This project contains code for the dialog-based learning MemN2N setup in the following paper: "Learning through Dialogue Interactions".
This code requires Torch7 and its luarocks packages cutorch, cunn, nngraph, torchx, and tds.
To get the data, from this directory first run ./setup_data.sh to download the data (1.6G download, unpacks to 8.4GB. md5: a590f31654fc5525e4fc2ee4557e80dc).
data/movieQA_kb contains movieQA knowledge base (based on WikiMovies) to run the simulators data/AQ_supervised_data contains data to run the supervised settings described in the paper data/AQ_supervised_real contains human-written versions of supervised tasks 4 and 8 data/AQ_reinforce_data contains data to run the reinforcement learning settings described in the paper
The Simulator described in the paper that simulates dialogues between a teacher and a student. This transforms the movieQA data to the version used to train the supervised and reinforcement learning models.

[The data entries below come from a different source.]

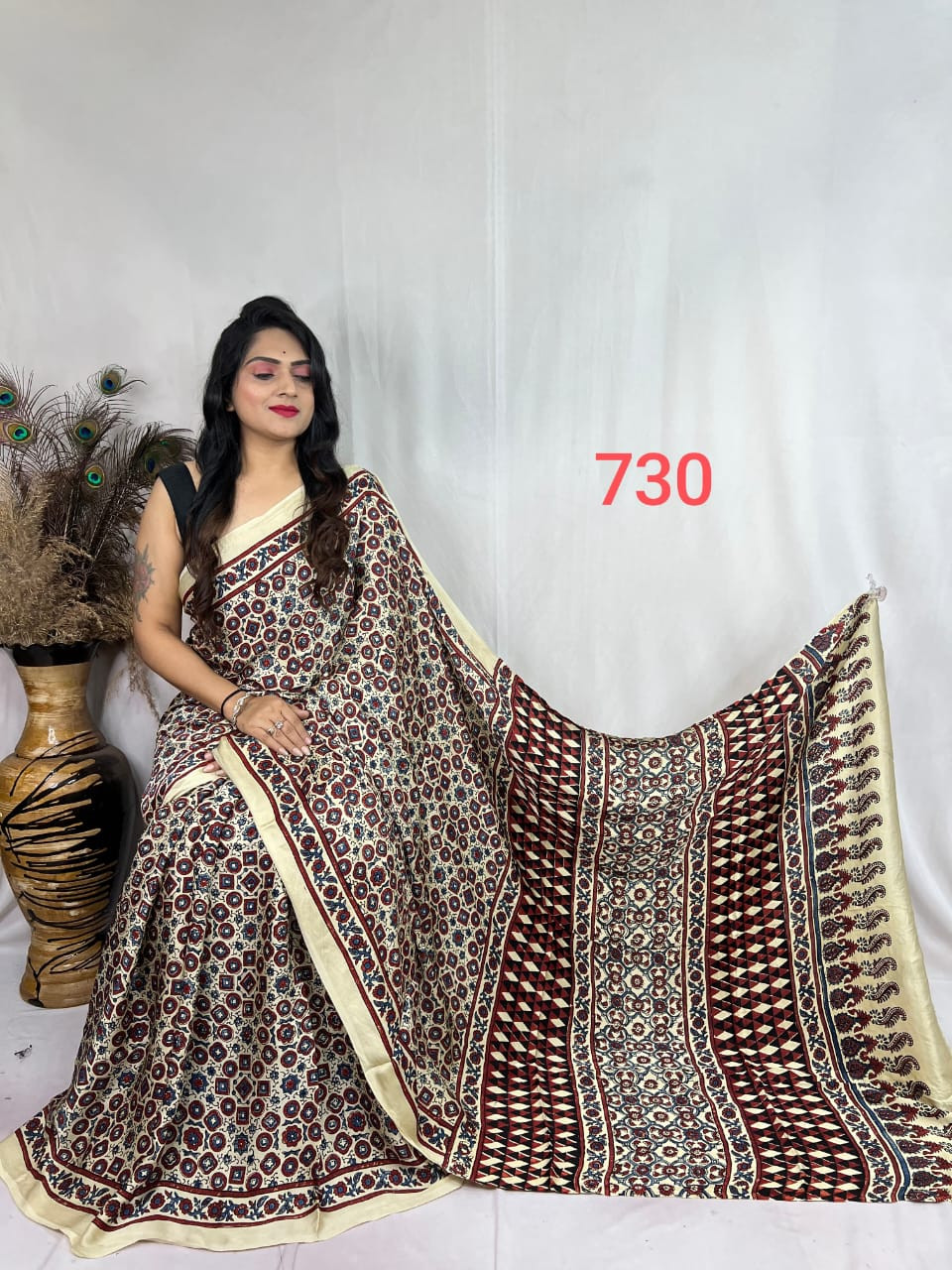 Cream and Maroon Modal Silk Ajrakh Print Saree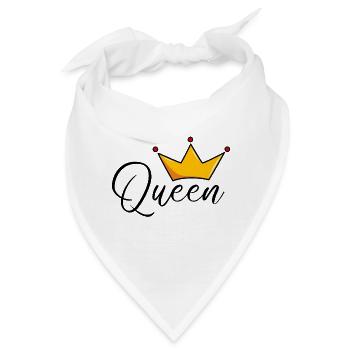 Queen mit Krone - Bandana - Weiß - Vorne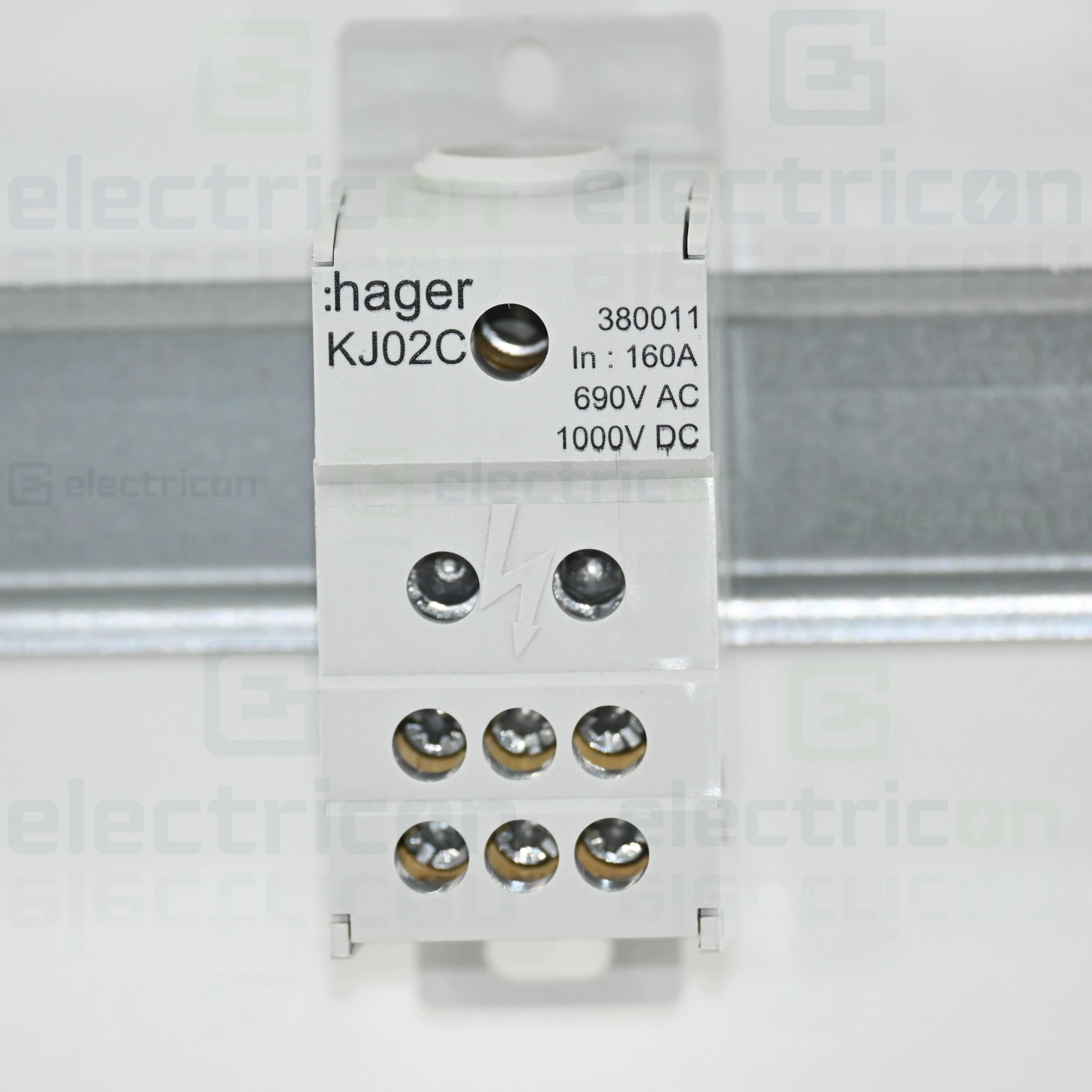 Bloc distribuție terminal, 1P, 160A, 1x70mm²+6x16mm² + 1 bară colectoare 16x5mm, lățime 35mm, Hager,  KJ02C [2]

As demonstrated there, to run the simulator:
th runSimulator.lua [params]
Available options are:
-mode (default train, taking values of train|dev|test)

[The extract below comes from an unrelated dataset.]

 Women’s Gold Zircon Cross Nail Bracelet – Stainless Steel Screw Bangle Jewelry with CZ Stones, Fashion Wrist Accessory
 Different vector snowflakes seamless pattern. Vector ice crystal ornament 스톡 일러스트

-task (default 1, the task you want to simulate, taking values of 1-9)
-prob_correct_final_answer (default 0.5, the policy that controls the probability that a student gives a correct final answer)
-prob_correct_intermediate_answer (default 0.5, the policy that controls the probability that a student asks a correct question)

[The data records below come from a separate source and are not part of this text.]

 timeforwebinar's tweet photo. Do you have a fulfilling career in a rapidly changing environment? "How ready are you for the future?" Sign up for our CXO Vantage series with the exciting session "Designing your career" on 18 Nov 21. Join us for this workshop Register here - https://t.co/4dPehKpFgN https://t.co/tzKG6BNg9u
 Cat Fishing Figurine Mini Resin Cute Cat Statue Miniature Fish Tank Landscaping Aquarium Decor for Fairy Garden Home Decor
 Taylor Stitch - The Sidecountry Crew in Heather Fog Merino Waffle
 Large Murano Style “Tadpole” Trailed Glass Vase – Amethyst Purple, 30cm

-homefolder (default ../data/movieQA_kb, the folder to load the movieQA database)
-junk (default true, whether to incorporate random question-answer pairs in the conversation)
-randomQuestionNumTotal (default 5, the number of random question-answer pairs in the conversation)
-setting (default AQ, taking values of AQ|QA|mix, AQ denotes the setting in which the student always asks a question, QA denotes the setting in which the student never asks a question, mix means the student asks questions for 50 percent of the time)
-output_dir (default "./", the output folder path)
The offline supervised learning settings described in the paper
to run the trainer:
th train_supervised.lua [params]
Available options are:
-batch_size (default 32, the batch size for model training)
-init_weight (default 0.1, initialization weights)
-N_hop (default 3, number of hops)
-lr (default 0.05, learning rate)
-thres (default 40, threshold for gradient clipping)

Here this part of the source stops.